Create a run and check the output

# Send the prompt to the agent
message = project_client.agents.create_message(
    thread_id=thread.id,
    role="user",
    content="What is the weather in Seattle, WA?",
)
print(f"Created message, message ID: {message.id}")

# Run the agent
run = project_client.agents.create_run(thread_id=thread.id, assistant_id=agent.id)
# Monitor and process the run status. The function call should be placed on the input queue by the Agent service for the Azure Function to pick up when requires_action is returned
while run.status in ["queued", "in_progress", "requires_action"]:
    time.sleep(1)
    run = project_client.agents.get_run(thread_id=thread.id, run_id=run.id)

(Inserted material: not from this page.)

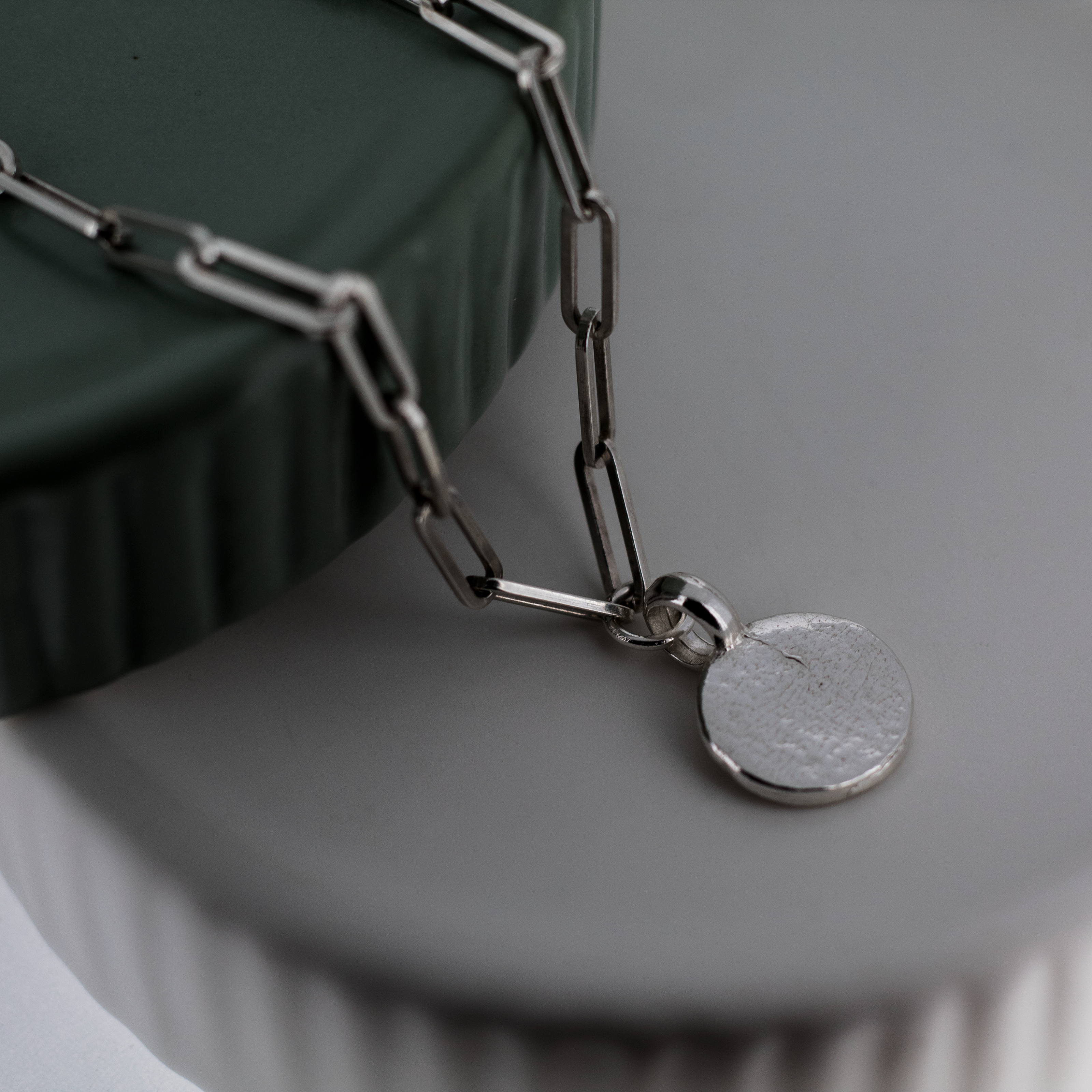 Neumond-Spurenkettenarmband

    if run.status not in ["queued", "in_progress", "requires_action"]:
        break

print(f"Run finished with status: {run.status}")

Get the result of the run

# Get messages from the assistant thread
messages = project_client.agents.get_messages(thread_id=thread.id)
print(f"Messages: {messages}")

# Get the last message from the assistant
last_msg = messages.get_last_text_message_by_sender("assistant")
if last_msg:
    print(f"Last Message: {last_msg.text.value}")

# Delete the agent once done
project_client.agents.delete_agent(agent.id)
print("Deleted agent")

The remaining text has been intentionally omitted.